Exercise
Your copy should hold exactly the lines from the one containing "2810 NW 8th" through the last line of the entries, and no pictures.

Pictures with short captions
**********

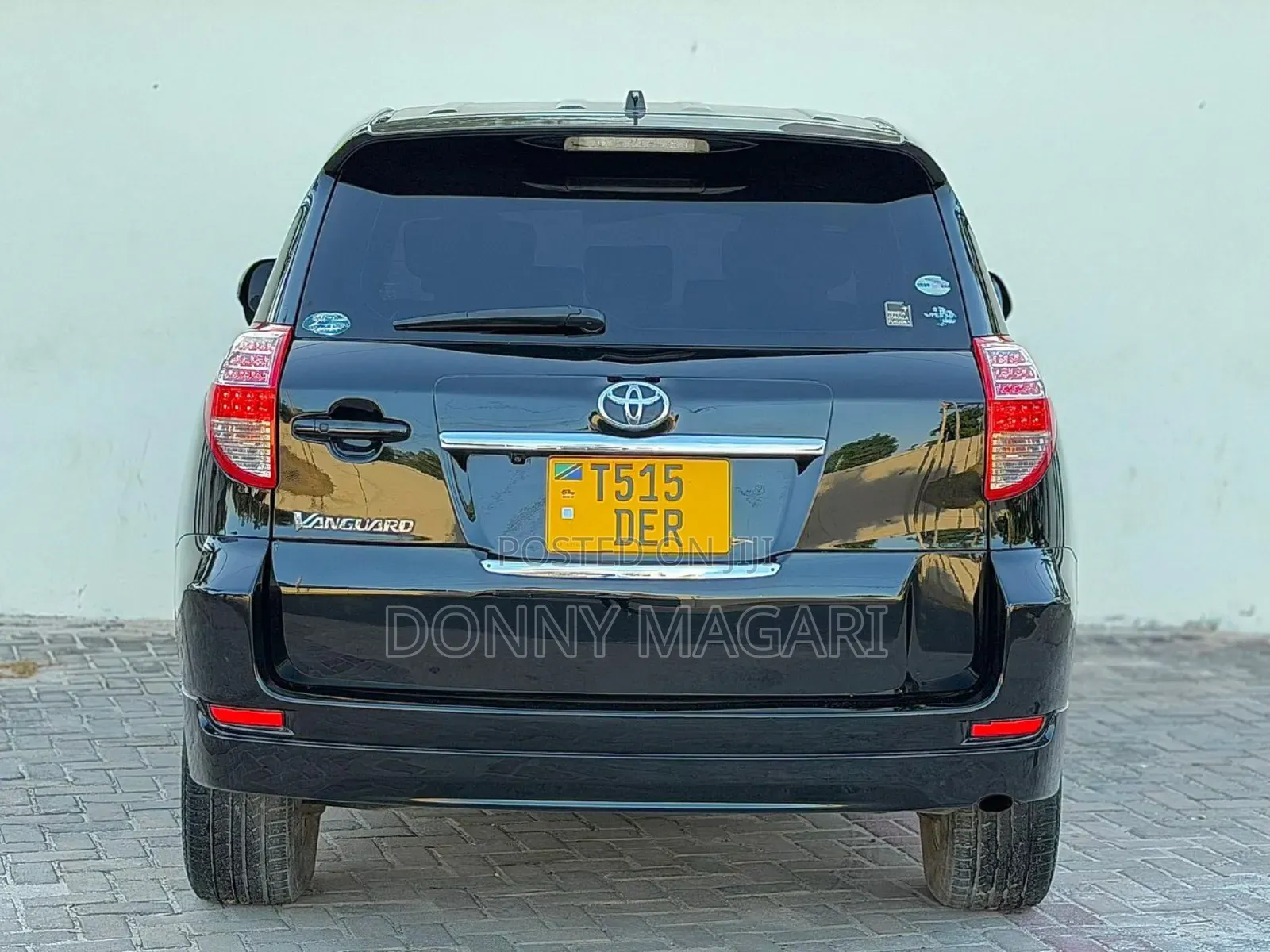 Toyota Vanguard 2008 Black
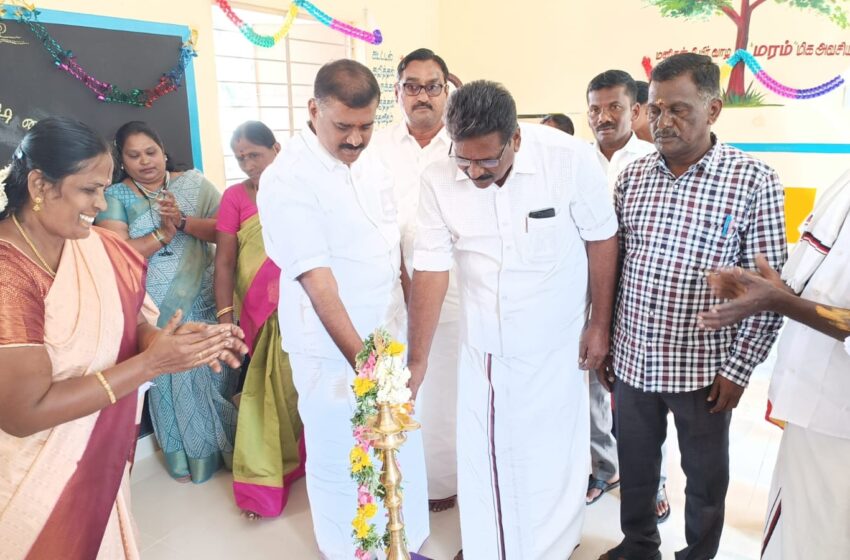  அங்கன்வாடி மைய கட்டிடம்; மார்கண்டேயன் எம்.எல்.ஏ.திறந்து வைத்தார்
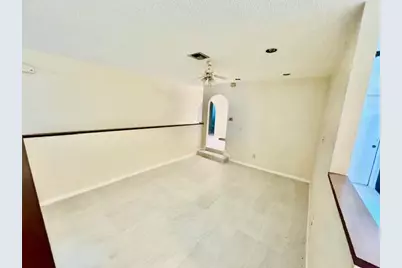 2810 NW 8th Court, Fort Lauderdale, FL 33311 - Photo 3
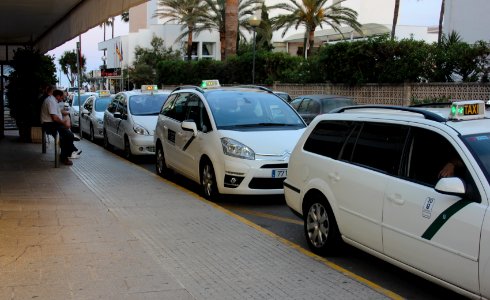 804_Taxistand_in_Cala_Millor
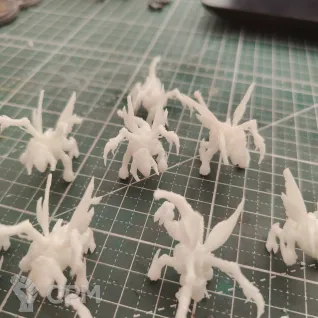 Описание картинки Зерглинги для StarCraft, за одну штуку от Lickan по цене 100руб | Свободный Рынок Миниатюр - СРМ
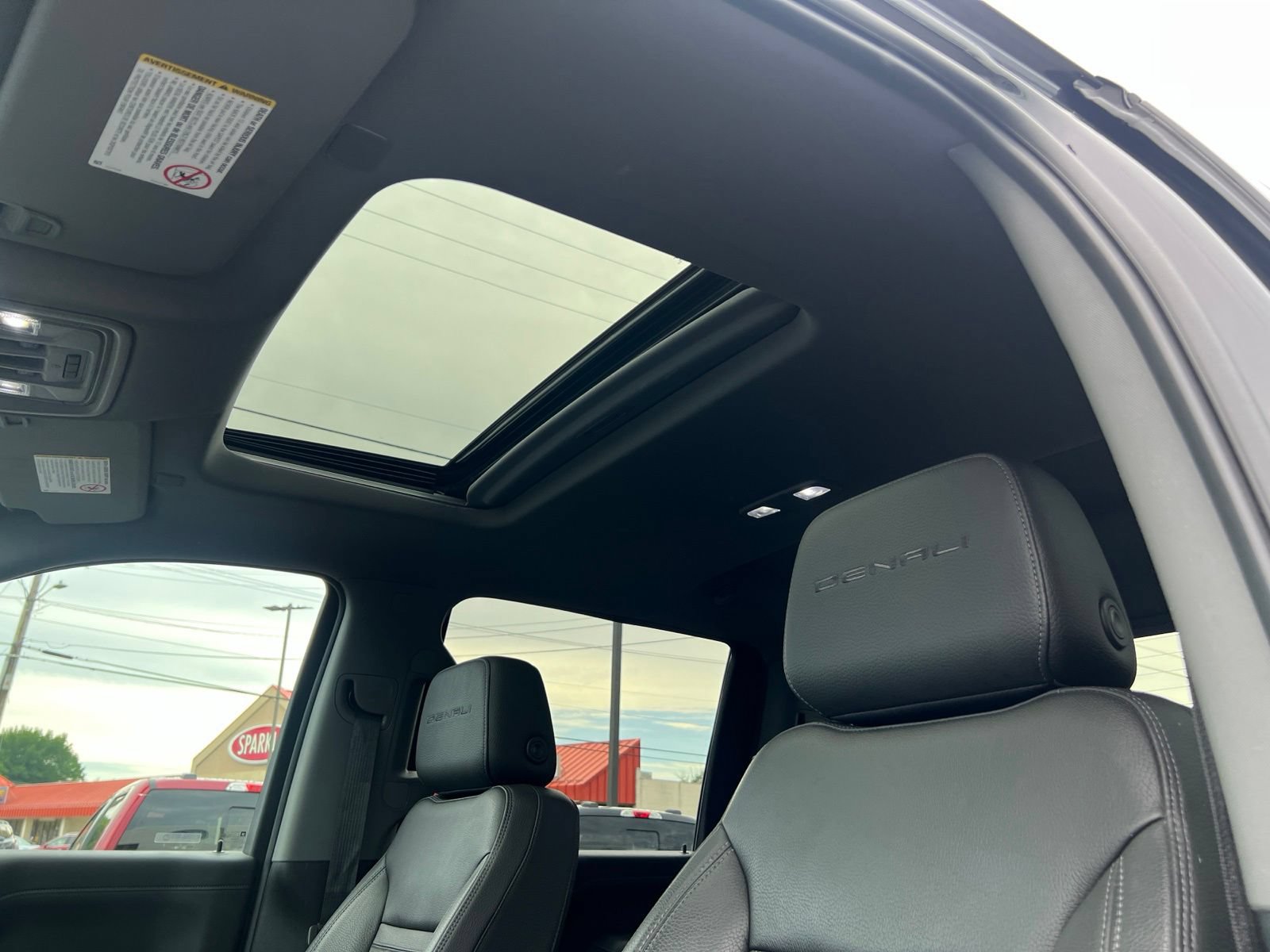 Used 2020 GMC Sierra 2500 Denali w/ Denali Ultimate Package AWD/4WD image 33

**********

Written solution
 2810 NW 8th Court, Fort Lauderdale, FL 33311 - Photo 3
 804_Taxistand_in_Cala_Millor
 Описание картинки Зерглинги для StarCraft, за одну штуку от Lickan по цене 100руб | Свободный Рынок Миниатюр - СРМ
 Used 2020 GMC Sierra 2500 Denali w/ Denali Ultimate Package AWD/4WD image 33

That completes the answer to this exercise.